**Data section:**
------------------------------------------------------------

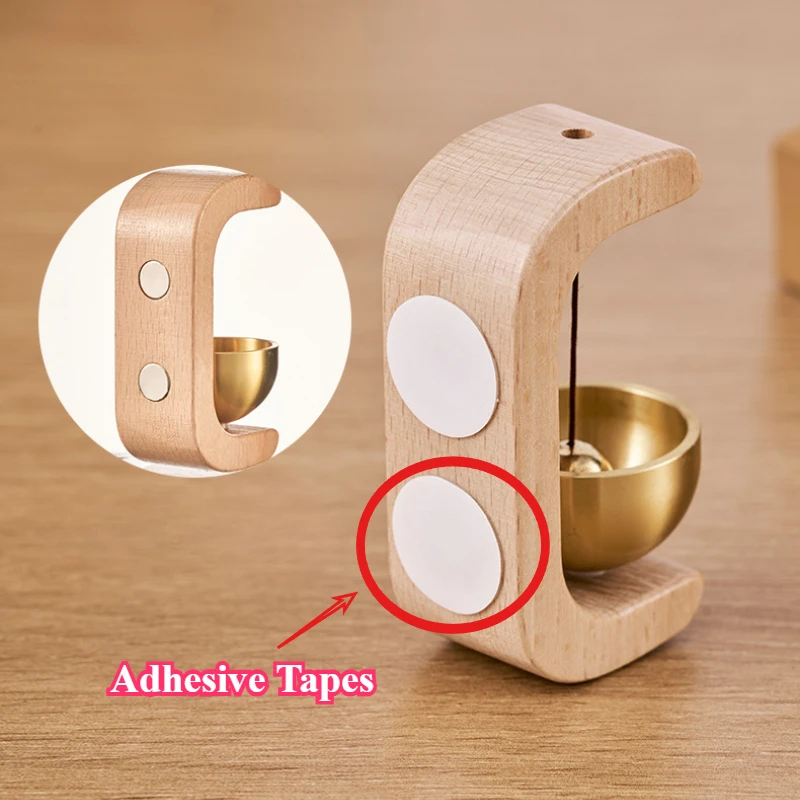 Magnetic Wood Doorbell Chime Hanging Wooden Wind Chimes Copper Bell Walnut Windbell Doorbells Vintage Door Bell Home Decorations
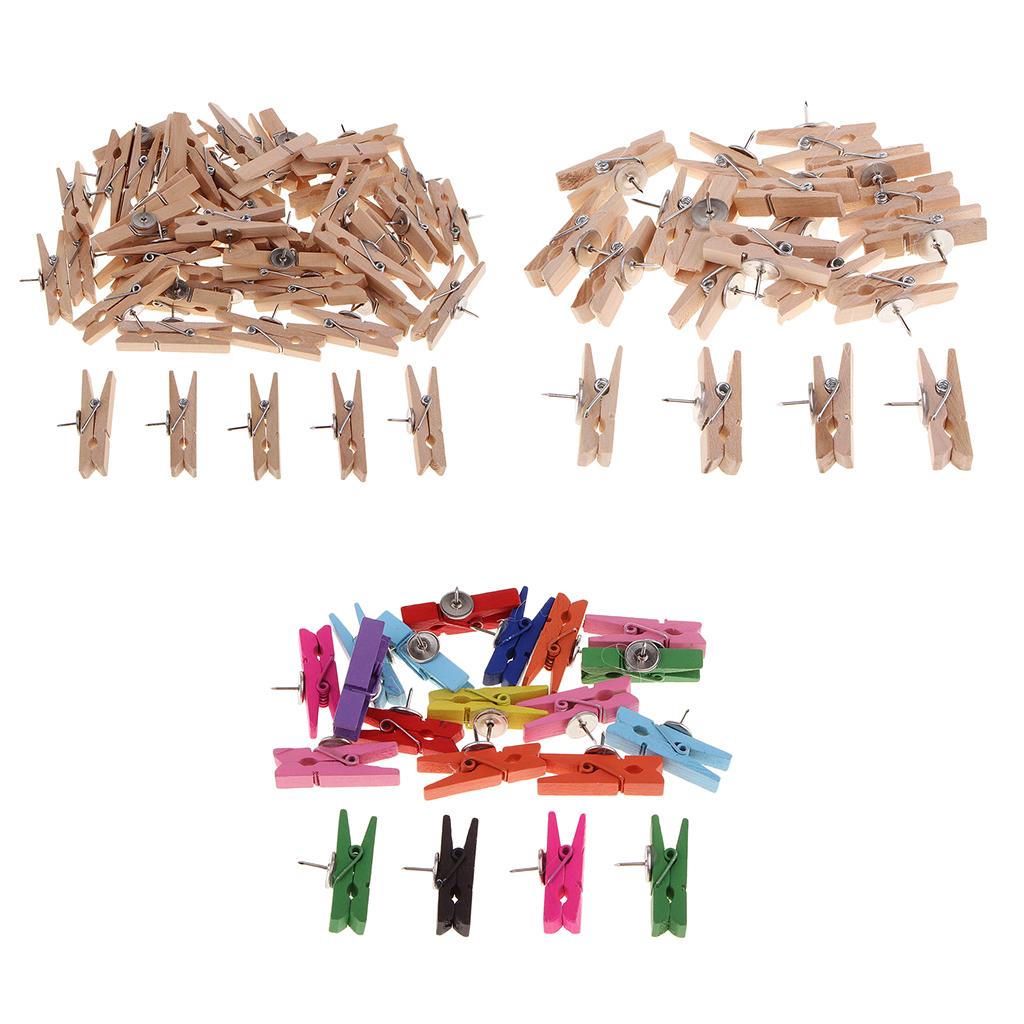 4x20/50Pcs Mini Wooden Clothespins Push Pins Map Tacks Drawing Pins Colored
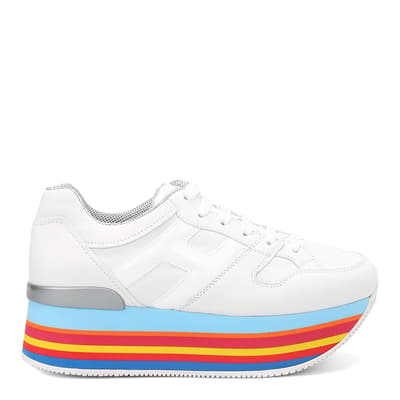 White Leather platfrom Sneakers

------------------------------------------------------------

**Task instructions:** The whole listing should be reproduced exactly. Images don't go in.

**Answer space:**
 Magnetic Wood Doorbell Chime Hanging Wooden Wind Chimes Copper Bell Walnut Windbell Doorbells Vintage Door Bell Home Decorations
 4x20/50Pcs Mini Wooden Clothespins Push Pins Map Tacks Drawing Pins Colored
 White Leather platfrom Sneakers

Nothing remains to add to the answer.